To be frank, I am not sure if I was simply too naive, but I don't mind traveling with colleagues I don't really know. As long as we head to the same destination, we are united by that. Anything else is about adjustment and getting to know each other, which is an adventure by itself.
So far (and a period of 21 years is a long time for statistics) I don't recall any complaints. If there was ever any, the fun must have outweighed the bad that I don't have such recollection at all. Based on my experience, I can safely suggest this: just go! Don't hesitate but give it a try instead!
Teman Seperjalanan Yang Acak
Di tahun 2018, saya pernah menulis tentang teman dan kolega sebagai teman seperjalanan. Baru-baru ini, seorang teman membuat daftar kriteria teman seperjalanan yang ideal. Isinya seperti ini: tidak jaim, tidak sensitif, nyambung, ekspresif, teman angkatan '98. Spesifik nian kriterianya!

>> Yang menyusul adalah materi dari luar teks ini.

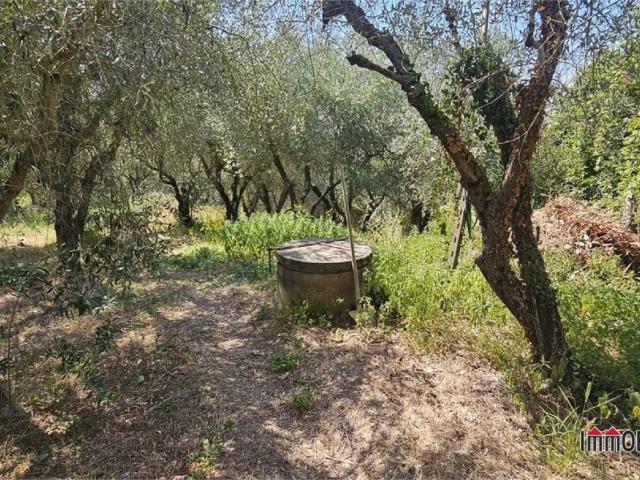 Terreno in vendita a Colle Di Val D'elsa, Toscana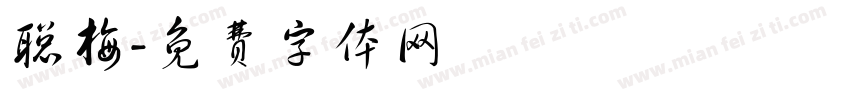 聪梅字体转换
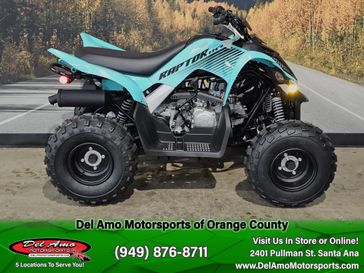 2025 Yamaha RAPTOR 110 
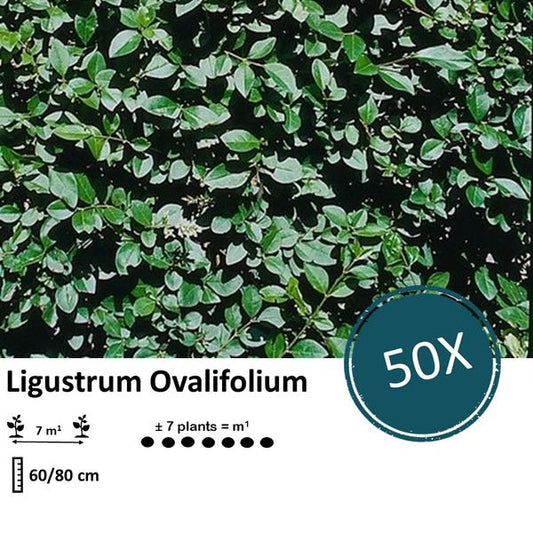 Ligustrum Ovalifolium - Racine nue - 60/80 - 50x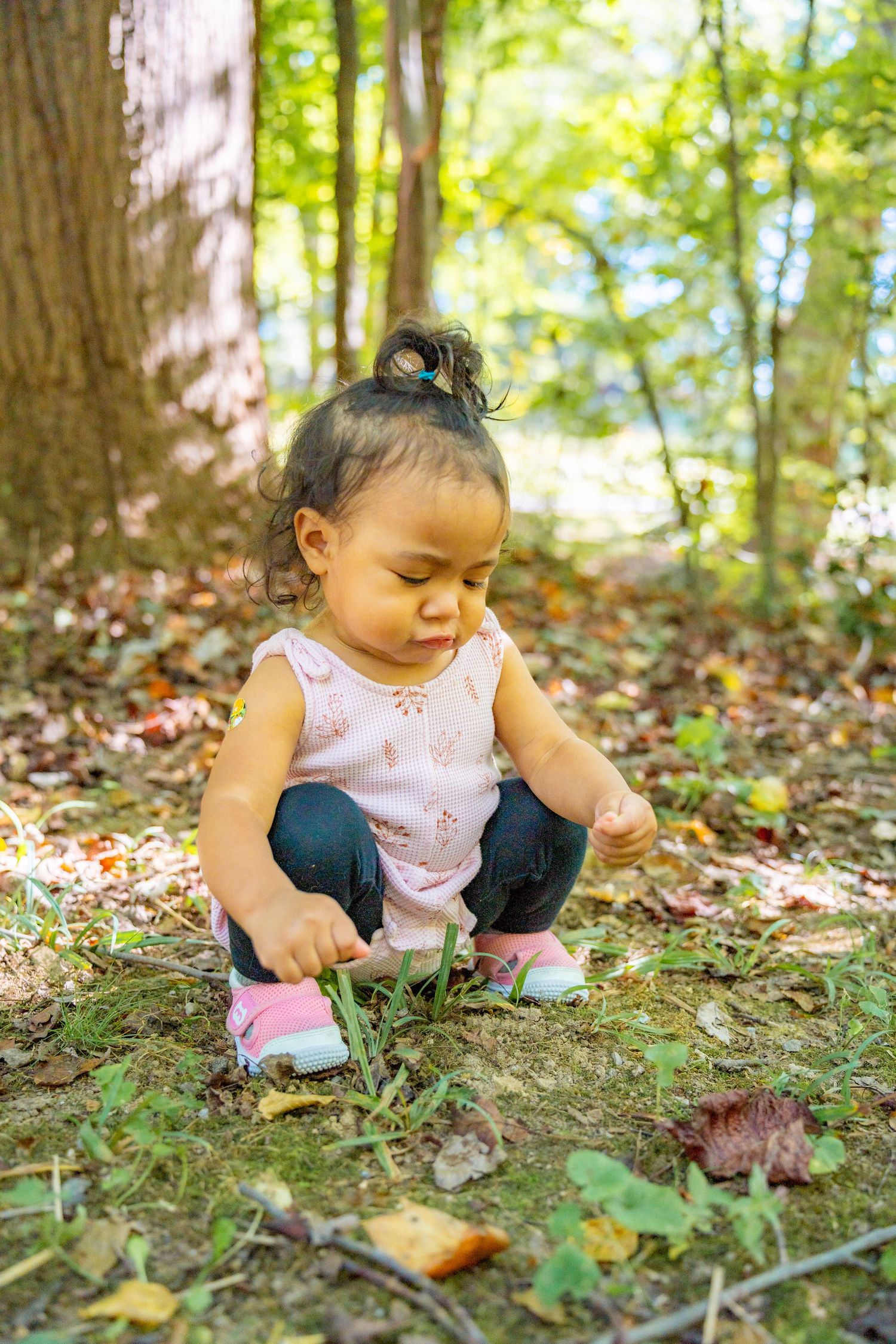 A small child explores the forest floor while sitting among fallen leaves and greenery in dappled sunlight.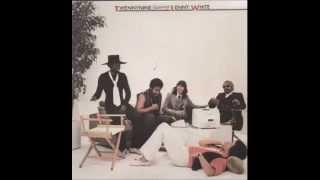 Twennynine Feat. Lenny White - Best Of Friends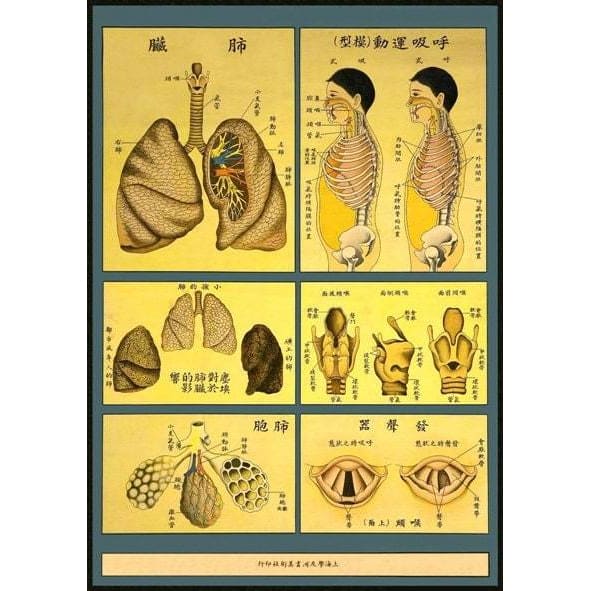 1930’S Chinese Medical Chart Of The Lungs & The Respiratory 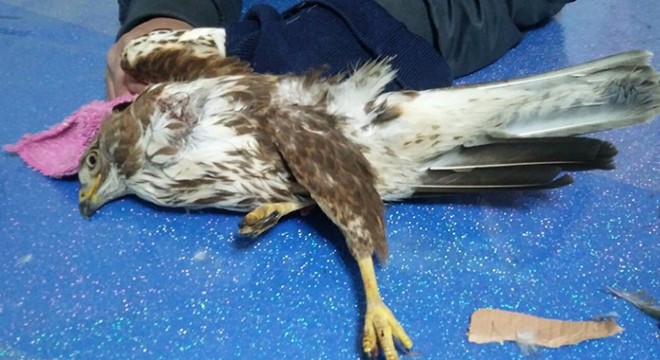 Yaralı bulduğu kızıl şahine sahip çıktı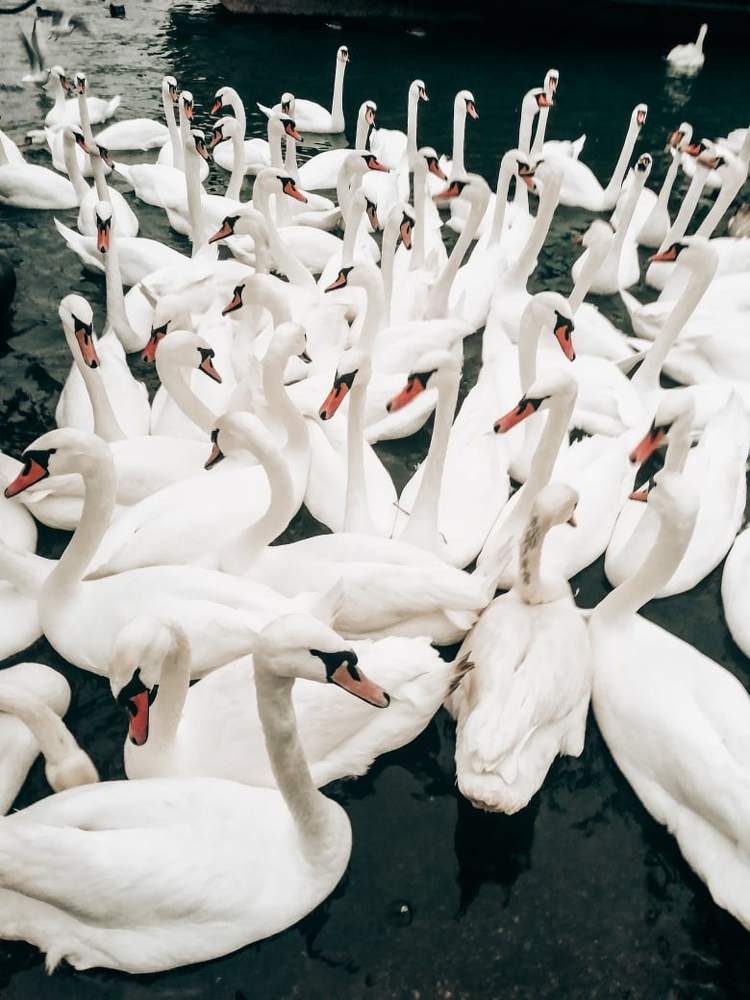 Photograph by Ксения Андросова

Daftar di atas dicetuskan pas ketika saya dalam perjalanan ke Agra di India bersama teman seperjalanan yang acak. Apa yang saya lakukan sungguh bertolak belakang dengan pendapatnya. Selain Surianto yang merupakan teman dari sejak SMP, saya tidak tahu apa-apa tentang dua teman seperjalanan lainnya. Nampaknya gegabah, ya?
Dan ini membuat saya berpikir. Perjalanan serupa untuk pertama kalinya terjadi dua dekade silam di tahun 2004, saat saya ke Bali bersama rekan-rekan kerja dari Kalbe. Selain interaksi kita di kantor, saya tidak tahu apa-apa tentang kebiasaan mereka. Kita juga berasal dari suku, usia, budaya dan agama yang berbeda. Tapi saya bisa katakan bahwa apa yang saya ingat adalah hal-hal yang baik sepanjang perjalanan.
Dan itu bukan sekali-kalinya saya menjalani liburan seperti ini. Meski saya paling suka berlibur bersama teman SMA, ada kalanya saya menyesuaikan diri terhadap situasi dan kondisi. Di tahun 2010, hanya Benny yang mau turut serta ke Laos. Kalau saya lihat kembali, saya hanya sebatas tahu profesinya di kantor dan tak pernah mengenalnya dengan baik. Namun liburan ke Laos itu pun berjalan lancar dan berkesan.
Pola berlibur bersama teman seperjalanan yang acak pun berlanjut. Ada lagi liburan ke Pontianak di tahun 2016, Myanmar di tahun 2017, Tanjung Balai di tahun 2024 dan akhirnya destinasi ke India di tahun ini. Semua asyik-asyik saja. Meski saya tidak bisa mewakili apa yang mereka rasakan, saya sendiri akan senantiasa mengenang semua perjalanan ini.
Jujur saya katakan, saya tidak tahu pasti apakah saya yang terlalu naif atau apa, tapi saya tidak keberatan berlibur bersama para kolega yang cuma saya kenal selintas. Selama kita pergi ke tempat tujuan yang sama, maka kita dipersatukan pula oleh destinasi tersebut. Hal-hal lainnya hanya memerlukan penyesuaian dan kita akan mengenali satu sama lain dengan lebih baik, sebuah petualangan tersendiri yang terjadi selama liburan berlangsung.
Sampai sejauh ini (dan 21 tahun adalah rentang waktu yang panjang untuk statistik) saya tidak memiliki keluhan. Jika pernah ada, pastilah asyiknya liburan terasa lebih kentara sehingga saya tidak ingat dengan adanya kesulitan yang mungkin pernah timbul. Berdasarkan pengalaman saya, ini yang bisa saya sampaikan: pergilah berlibur. Jangan ragu, namun cobalah bepergian dengan mereka yang mungkin tidak anda kenal dengan baik.